Talvez o fato de já estar em São Paulo há quase cinco anos faça me sentir melhor em meio ao povo nordestino, mais caloroso que o paulistano, assim digamos. Talvez seja só isso. Mas acredito de verdade que não. Teve algo mais. Senti como algo me puxasse pra ficar naquele lugar, a continuar escutando o “entedesse” e o “visse” daquele sotaque cantado. Mas a montagem terminou e eu voltei pra esta nossa gélida cidade da garoa. Pois eu não precisei ficar no Nordeste para que a ficha terminasse a cair: Eu sou do Nordeste! Ok, sou um camaleão, me adapto a tudo e a todos, mas sinto uma identificação muita mais íntima quando estou perto daquele povo. Posso dizer que é uma identificação ligada ao meu passado, a um passado que eu não vivi, mas que mesmo assim me pertence. Como eu falei acima, uma bagagem inerente, uma raiz que brotou por lá há muito tempo e que deu frutos em mim.

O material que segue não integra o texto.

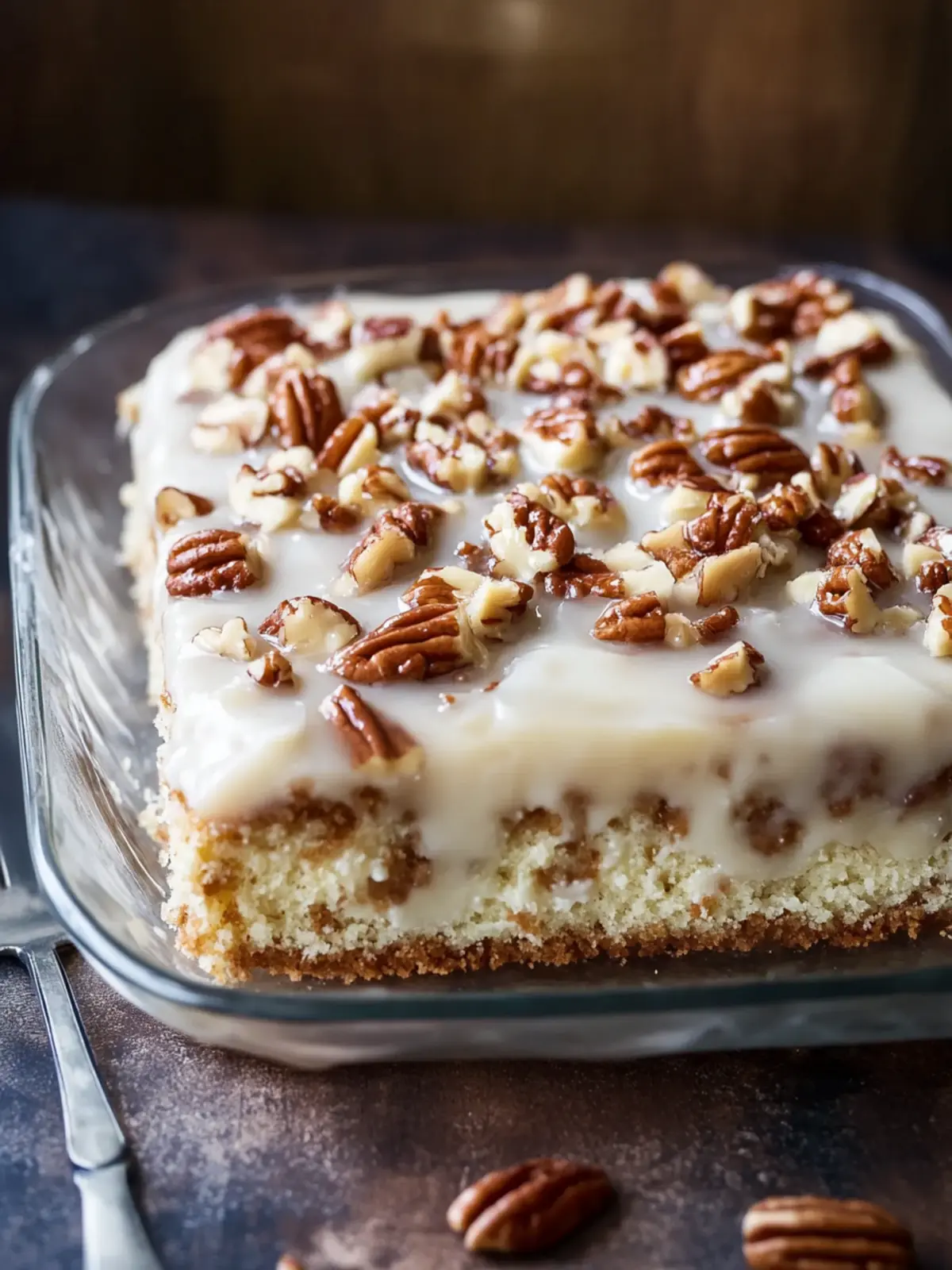 Irresistible Butter Pecan Praline Poke Cake for Sweet Cravings 2 Butter Pecan Praline Poke Cake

É justamente o contrário do que eu sinto em relação ao que busco aqui em São Paulo. Aqui é uma identificação ligada ao futuro, ao que eu quero descobrir e que ninguém me apresentou ou plantou em mim. Como disse o Renato Russo: “Essa saudade que eu sinto de tudo que eu ainda não vi”. Mas isso é pano para outra manga.

E como eu também disse no início dessa crônica-desabafo (está aqui uma nova categoria!), só quis aqui registrar este tema, por que certamente ele vai voltar nestas páginas. As idéias de “viagens sociológicas” pelo Nordeste já fervilham na minha mente. Inclusive já pude voltar em Recife em setembro, para a desmontagem da mesma exposição, agora com mais folga e menos preocupada. Sim, fui à Olinda e de fato é uma visita indispensável! Cabe sobre esta cidade outro texto. Posso até criar neste blog uma categoria “Nordestices”. Vejamos o que vem por aí.

Para finalizar, tive a sorte de chegar em Recife em pleno feriadão de São João. E claro que fui conferir uma festa: Quinteto Violado no centro velho de Recife, cantando o legítimo forró pé de serra! E como bem diz minha mãe: Viva Gonzagão!


(P.S: Este vídeo não foi do show que assisti. Como disse anteriormente, não fiz nenhum registro da viagem!)